Ann: Hepsini unutalım Joe.
Keller: Oldu, iyi kız.
Chris: Traş ol tamam mı?
Keller: Derhal
Lydia: Hepsi aklımdan gitmiş, bu gece Annie'nin saçını yapmaya söz vermiştim taramadı ya?
Keller: Bu kız hep güler, hey Lydia
Lydia: Tabii neden olmasın?
Keller: Yukarı gelip Katie'min saçlarını yap bugün onun gecesi, güzel olmalı
Lydia: Yapacağım.
Keller: Hey bundan bir şarkı yaptım, yukarı gel de Katie'nin saçını yap ah yukarı gel de Katie'nin saçını yap hadi gel o benim güzel yarim akşam lisesinde bir yıldan sonra bu nasıl? yukarı gel yukarı gel saçlarını yap
Chris: Ne oluyor? O nerede?
Jim: Annen nerede?
Chris: Üst katta giyiniyor
Ann: Ne oldu George?
Jim: Ona arabada beklemesini söyledim şimdi dinle beni bir tavsiye ister misin? Onu buraya getirme
Ann: Niye?
Jim: Kate'in hali kötü, bu bombayı onun yanında patlatamazsın
Ann: Hangi bombayı?
Jim: Buraya neden geldiğini biliyorsun, gözünü kan bürümüş, arabaya binip onu bir yerlere götür orada yalnız başına konuş
Chris: Kocakarılar gibi davranma.
Jim: Kardeşini eve götürmeye gelmiş bu ne demek oluyor? ne demek olduğunu biliyorsun onunla başka yerde kavga et
Ann: Ben onu başka bir yere götürürüm.
Chris: Hayır
Jim: Aptallık yapmayı keser misin?
Chris: Burada kimse ondan korkmuyor kes şunu
George içeri gelir. Chris'in yaşında ama solgun bir adamdır. Chris gülümseyerek elini uzatır.

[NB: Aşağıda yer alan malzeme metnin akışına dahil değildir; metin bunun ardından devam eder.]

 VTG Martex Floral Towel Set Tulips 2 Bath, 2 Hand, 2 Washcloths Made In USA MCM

Chris: Kahretsin niye orada oturuyorsun?
George: Doktor annenin iyi olmadığını söyledi ben......
Chris: Seni görmek istiyor tüm öğleden beri seni bekliyoruz
Ann: Bu kokuyor başka gömlek getirmedin mi?
Sue: Sahil nasıldı Jim?
Jim: Araba süremeyecek kadar sıcak
Sue: İstasyona nasıl gittin balonla mı?
Chris: George bu bayan Bayliss. George bayan Bayliss
Sue: Nasılsınız?
George: Sizler bizim evi satın alanlarsınız değil mi?
Sue: Doğrudur, gelin bakın sizden sonra neler yaptık
George: Eskisi gibi kalmasını isterdim.
Sue: Çok dobra değil mi?
Jim: Sonra görüşürüz kolay gelsin dostum
Chris: Onu getirdiğin için sağol biraz greyfurt içer misiniz? Annem sizin için tazectaze  sıktı.

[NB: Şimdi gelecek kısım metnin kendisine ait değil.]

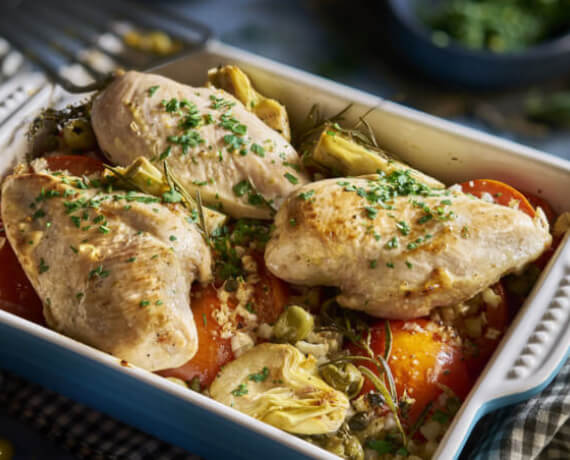 Hähnchen auf Tomaten-Artischocken-Gemüse mit Gremolata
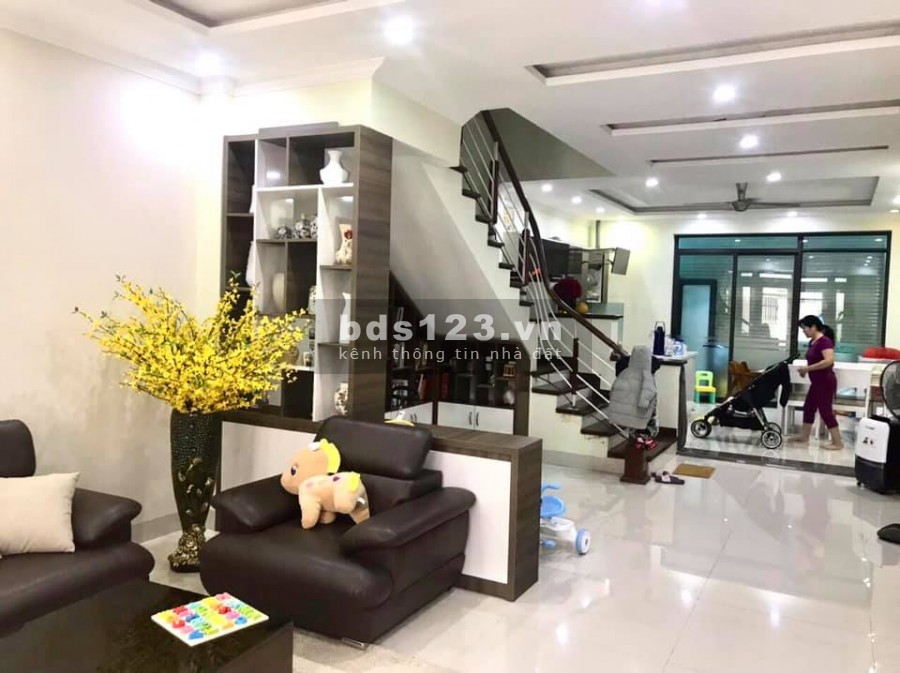 VIP Cầu Giấy, 42mx4t, 4 ngủ, 3 thoáng đẹp ở ngay 3.8 tỷ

George: Kate çok iyi bir kadıncağız, greyfurt suyumu hatırlamış.
Chris: Bu evde yeterince greyfurt içtin nasılsın George otursana
George: Bir dakika...bu imkansız
Chris: Ne?
George: Yine buradayım.
Chris: Biraz sinirlisin değil mi?
George: Evet günün sonuna doğru, siz ne oluyorsunuz? baş yönetici mi?
Chris: Bir tür medyum, hukuk işleri nasıl gidiyor?
George: Bilmiyorum hastanede çalışırken akıllıca geliyordu ama onun dışında pek hukuk yok gibi. Ağaçlar büyümüş değil mi? Buna ne oldu?
Chris: Dün akşam devrilmiş onu Larry için dikmiştik biliyorsun
George: Neden? Onu unutmaktan mı korktunuz?
Chris: Bu ne demek oluyor?
Ann: Ne zamandan beri şapka takıyorsun?
George: Bugünden beri, bir avukata benzemek istedim, tanımadın mı?
Ann: Yo neden?
George: Babanın şapkası, takmamı kendisi istedi.
Ann: O nasıl?
George: Küçülmüş.
Ann: Küçülmüş mü?
George: Evet küçük bir adam olmuş, enayilere ne olur bilirsin iyi ki zamanında gitmişim gelecek seneye kokusundan başka bir şey kalmazdı
Chris: Mesele nedir George? Derdin nedir?
George: Mesele şu ki, bir kez insanları enayi yerine koyarsan, bunu ikinci kez yapmamalısın
Chris: Bu da ne demek oluyor?
George: Henüz evlenmedin değil mi?
Ann: George oturup keser misin?
George: Evlendin mi?
Ann: Hayır henüz evlenmedim.
George: Onunla evlenmiyorsun.
Ann: Niyeymiş?
George: Çünkü babası aileni mahvetti.
Chris: Bak şimdi George
George: Kısa kes Chris ona söyle benle eve gelsin, bunu tartışmayalım, ne diyeceğimi biliyorsun
Chris: George sen kendini tanrı yerine koymuyorsun değil mi?
George: Ben......
Chris: Hayatın boyunca senin derdin buydu George, işlerin içine dalıyorsun, bu ne tür bir söylem böyle, artık koca adam oldun
George: Artık koca adamım.
Chris: Kabadayılık taslama, bir şey söyleyeceksen uygar biri gibi söyle
George: Beni kibarlaştırma
Ann: Şşşş
Chris: Yetişkin biri gibi konuşacak mısın konuşmayacak mısın?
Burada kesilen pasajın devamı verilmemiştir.